Kilku mądralów zdobyło ludzkie zaufanie i dali nam niby odpowiedzi, że można coś takiego osiągnać, ale pokazali nam złą drogę, taką, która albo nie pozwoli nam na rozwijanie tych umiejętności, i będzie strasznie trudna, albo pozwoli, ale w takim stopniu że nie będziemy szkodliwi i skończymy najwyżej w telewizji przyklejając sobie łyżki do ciała.
Człowiek jest energią. A ciało pojemnikiem. Dobrze zakorkowanym. Ci ,,nad nami'' robią tylko w nich otwory gdzie chcą, i pozwalają aby ta energia uchodziła w sposób który im nie zaszkodzi. Tyczy się to tych, którzy mają jej za dużo. I żeby pojemnik uznał że dobrze uchodzi z niego energia, w słusznym celu.
A skąd to wszystko, i przepraszam że chaotycznie.
Od jakiegoś czasu rozwijam te umiejętności. Ale nie w sposób opisany na forach itd, tylko metodą prób i błędów. Do czasu kiedy nie grozi mi utrata statusu społecznego, w młodym wieku.

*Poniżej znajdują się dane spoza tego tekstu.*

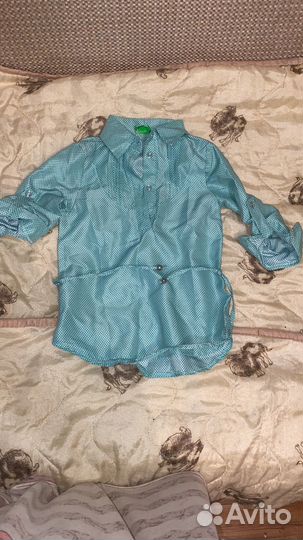 Рубашка детская для девочки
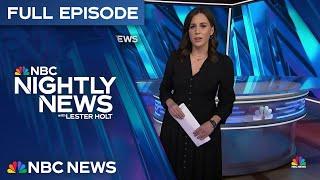 Nightly News Full Episode - Feb. 2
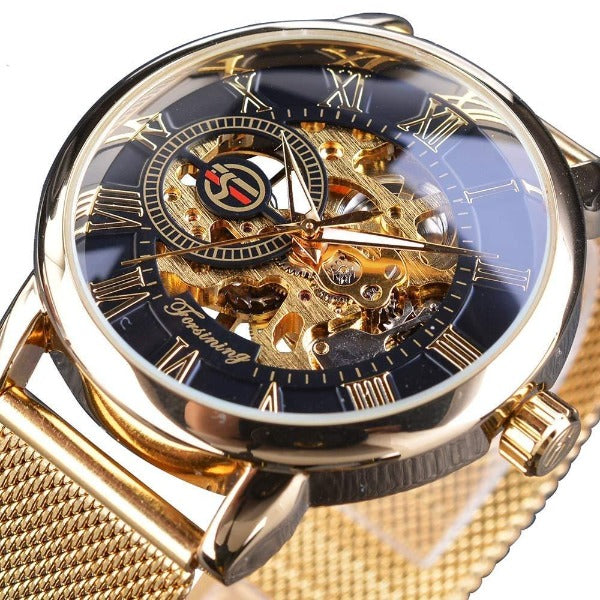 Forsining automatic skeleton on sale watch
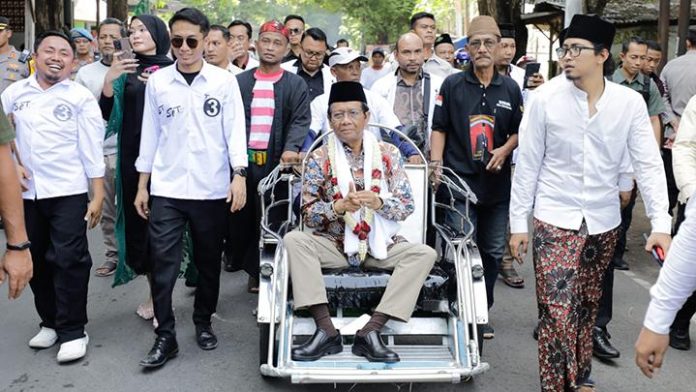 Singgung Calon yang Bicara Penegakan Hukum, Mahfud Md: Apa Benar Bersih dari HAM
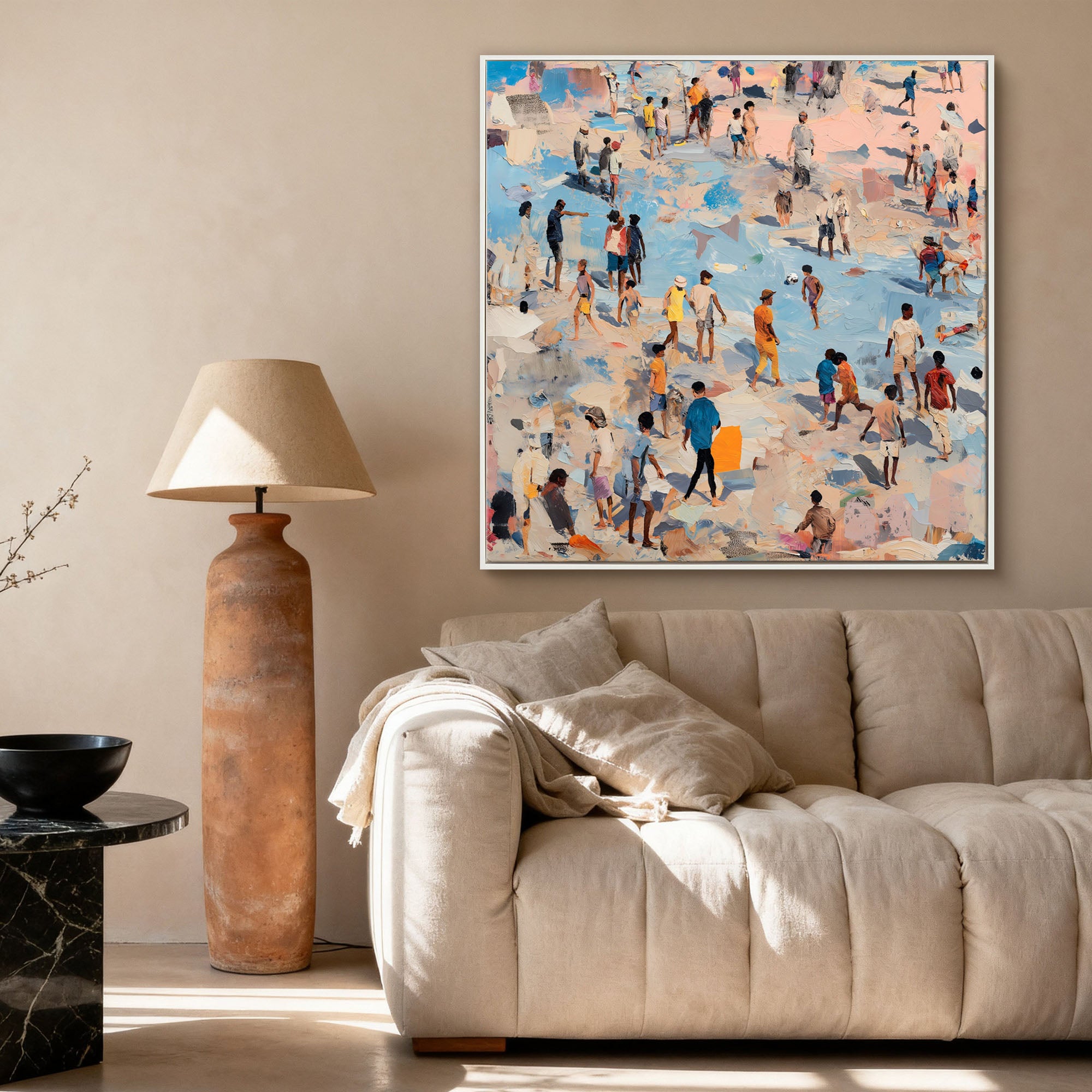 Plaster & Texture Art #YK218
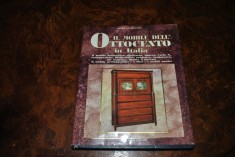 CATALOG / ENCICLOPEDIE CU MOBILA ITALIANA DIN ANII 1800 foto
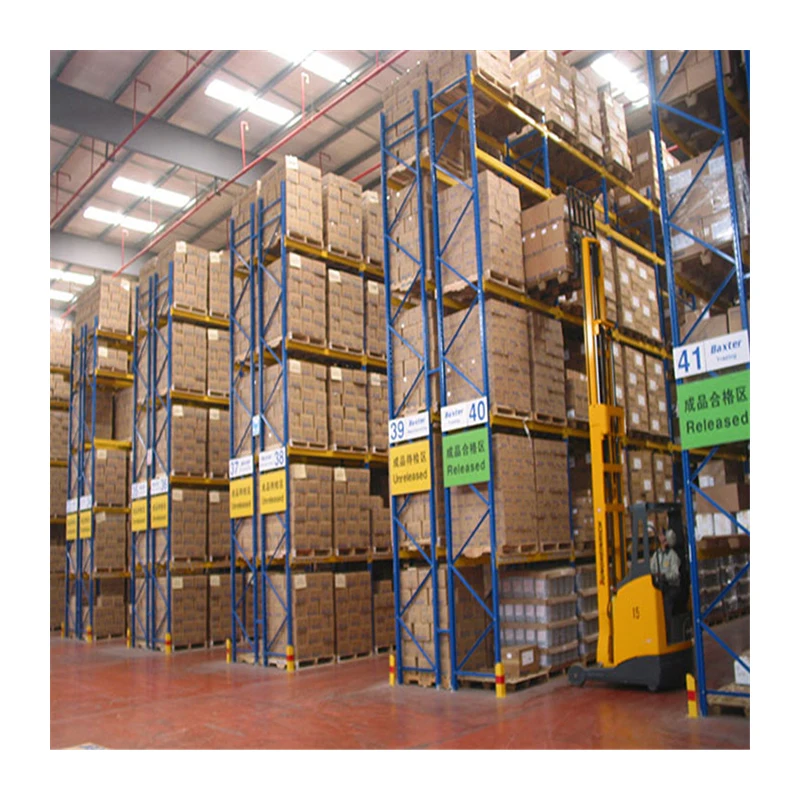 Warehouse Racking System Pallet Storage Shelf Custom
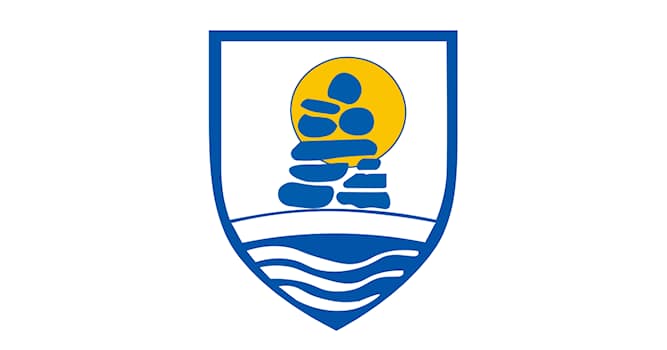 Geography Trivia Question: Which municipality in Greenland has the flag you can see in this image?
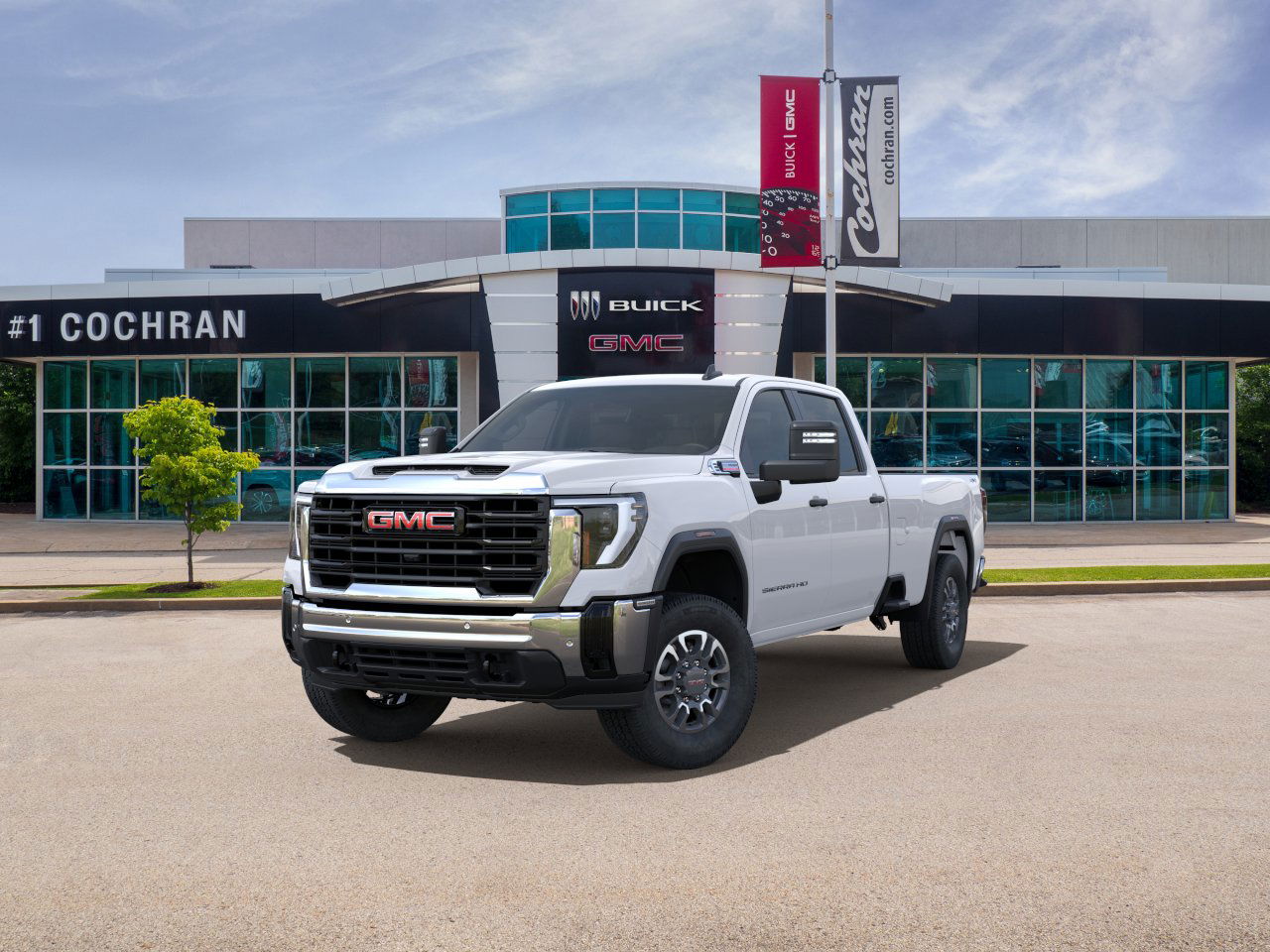 Sierra 3500HD Crew Cab PRO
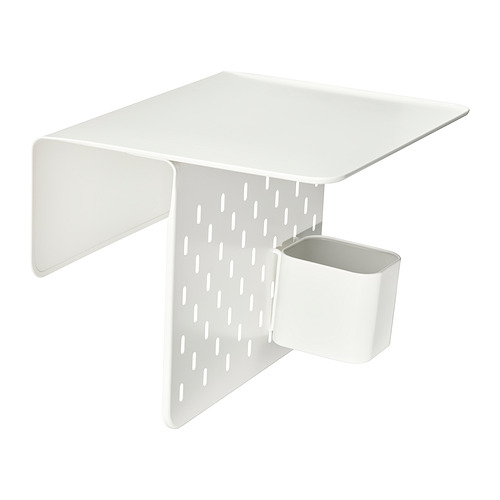 KRAMPHULT/SKÅDIS, armrest tray with container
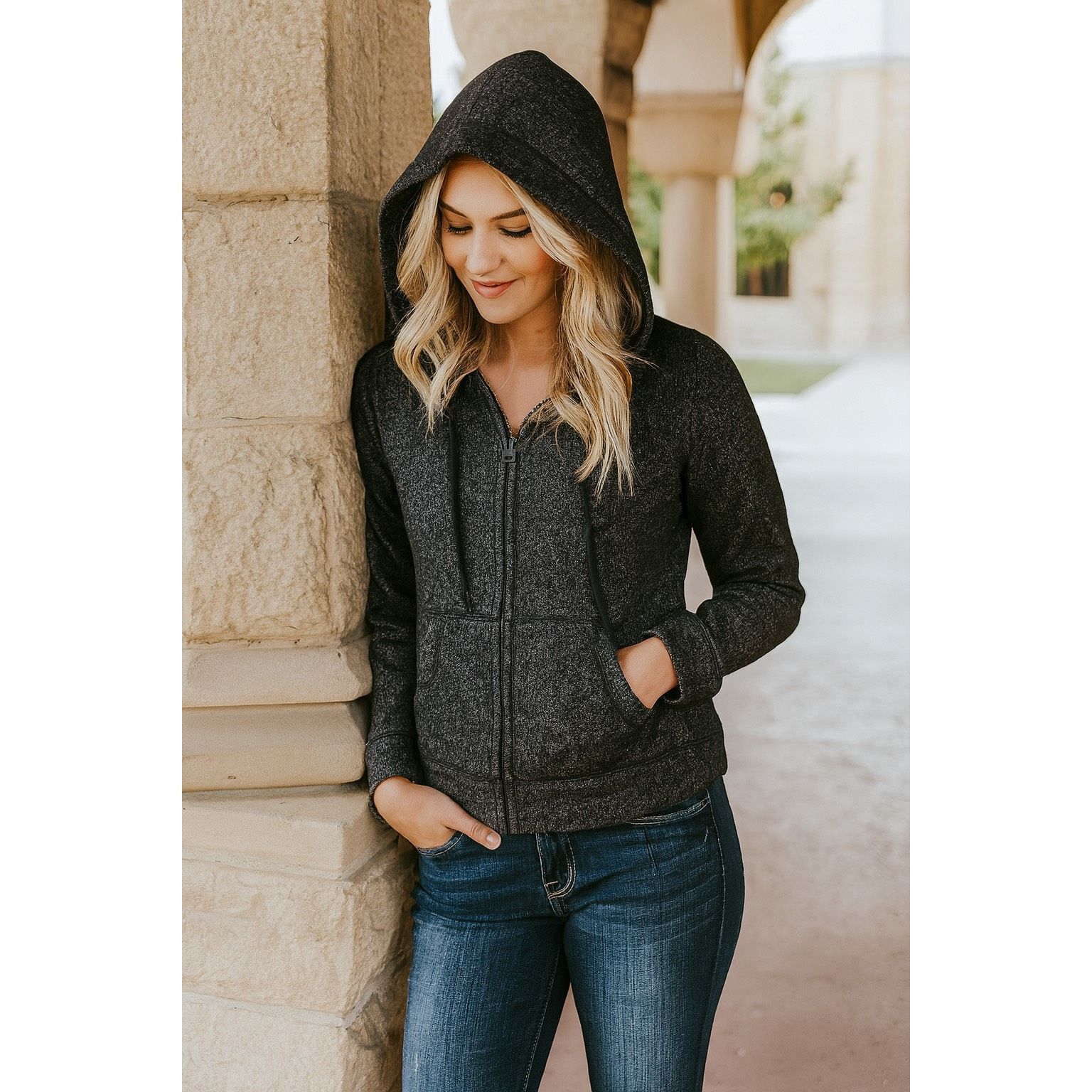 Other Vintage Cotton Gray Terry Full Zip Hoodie Sweatshirt Size S Size S / US 4 / IT 40 - 2 Thumbnail
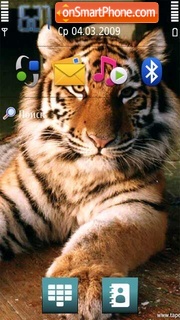 Tiger 13 tema screenshot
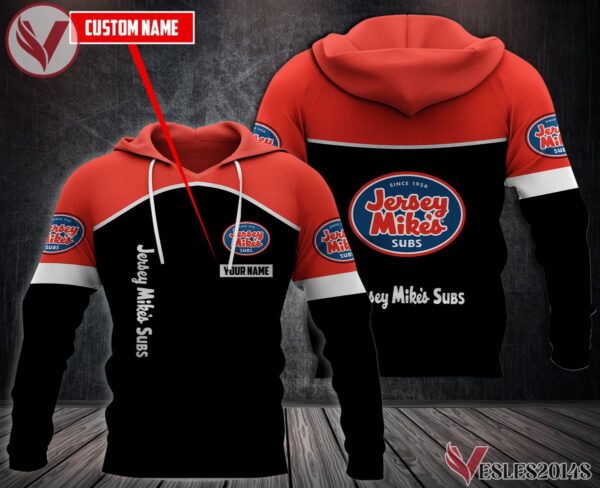 Personalized Jersey Mike's Subs Uniform Custom Clothes, Unique Gifts For Employee - Vesles2014s 1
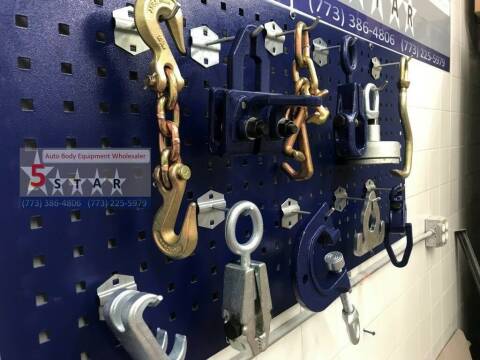 2020 11 PIECE TOOLS AND CLAMP CHAIN SET FREE SHIPPING for sale at Kamran Auto Exchange Inc in Kenosha WI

Ostatnio będąc w potocznie nazywanej ,,podróży astralnej'' spotkałem byt.
( przy okazji, moje podróże astralne nie są takie jak opisują je fora itd o nich napisze ciut niżej )
Byt ten przekazał mi słowa, nie pełną wiedzę, ale słowa, które wystarczyły, brzmiały one mniej więcej tak.
--------------------------------------------------------
Prawda jest bliżej niż sądzicie, tuż obok was, ale jesteście oślepieni, byt bytem kieruje, nigdy nie poznacie prawdy, ktoś rozkazuje, wy robicie, ktoś pokazuje, wy widzicie. Nie chcecie sami patrzyć, bo jesteście ślepi na to co możecie zobaczyć. Nie pozwolono wam patrzyć, sami nigdy nie zobaczycie, czekacie aż ktoś wam pokaże.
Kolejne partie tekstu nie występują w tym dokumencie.